**Problem to solve**
What you return must be an exact copy of the lines in the listing below between the line holding "Hotel, Motel, Pub" and the line holding "Alagie deel 2 - Foto 10", inclusive, and nothing more.

**Extracted material**
^^^^^^^^^^^^^^^^
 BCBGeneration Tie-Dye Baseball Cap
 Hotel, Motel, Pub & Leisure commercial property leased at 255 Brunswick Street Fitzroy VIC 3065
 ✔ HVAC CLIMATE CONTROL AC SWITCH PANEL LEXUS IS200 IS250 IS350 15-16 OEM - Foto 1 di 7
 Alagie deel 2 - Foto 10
^^^^^^^^^^^^^^^^
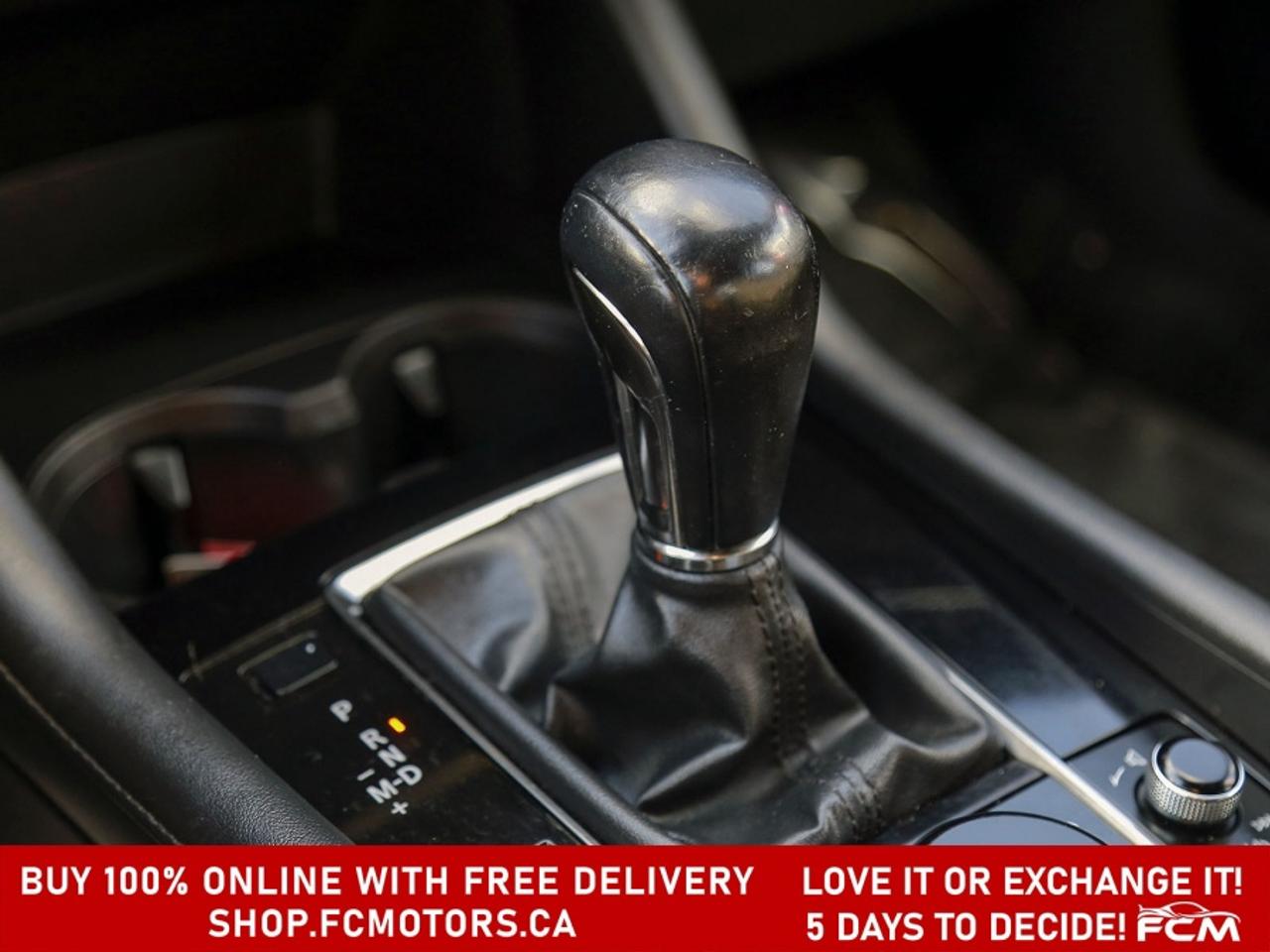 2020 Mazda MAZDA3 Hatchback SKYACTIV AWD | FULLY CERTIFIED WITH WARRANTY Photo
^^^^^^^^^^^^^^^^
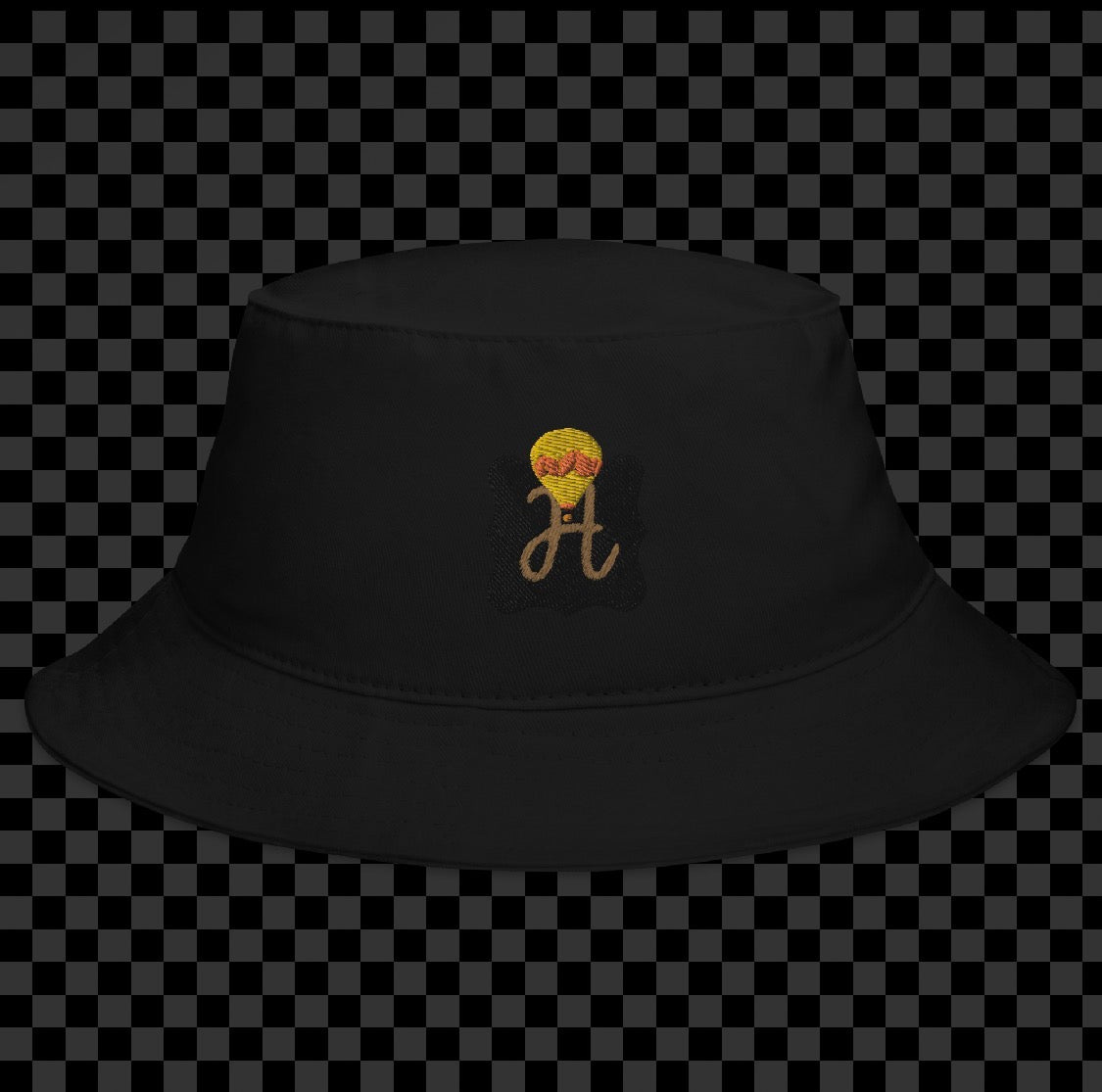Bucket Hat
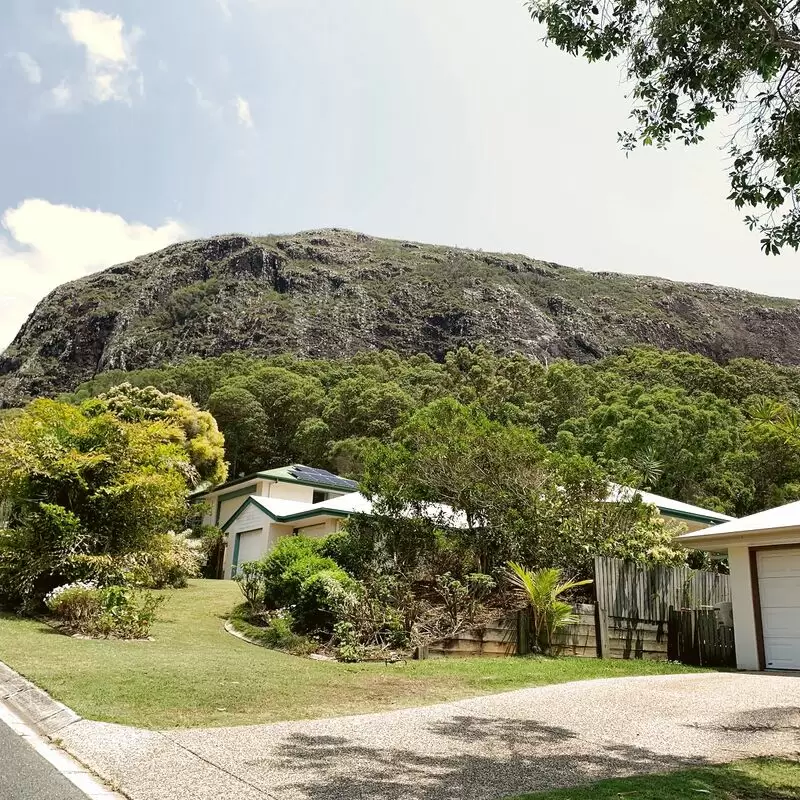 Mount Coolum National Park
^^^^^^^^^^^^^^^^
**Answer box**
 Hotel, Motel, Pub & Leisure commercial property leased at 255 Brunswick Street Fitzroy VIC 3065
 ✔ HVAC CLIMATE CONTROL AC SWITCH PANEL LEXUS IS200 IS250 IS350 15-16 OEM - Foto 1 di 7
 Alagie deel 2 - Foto 10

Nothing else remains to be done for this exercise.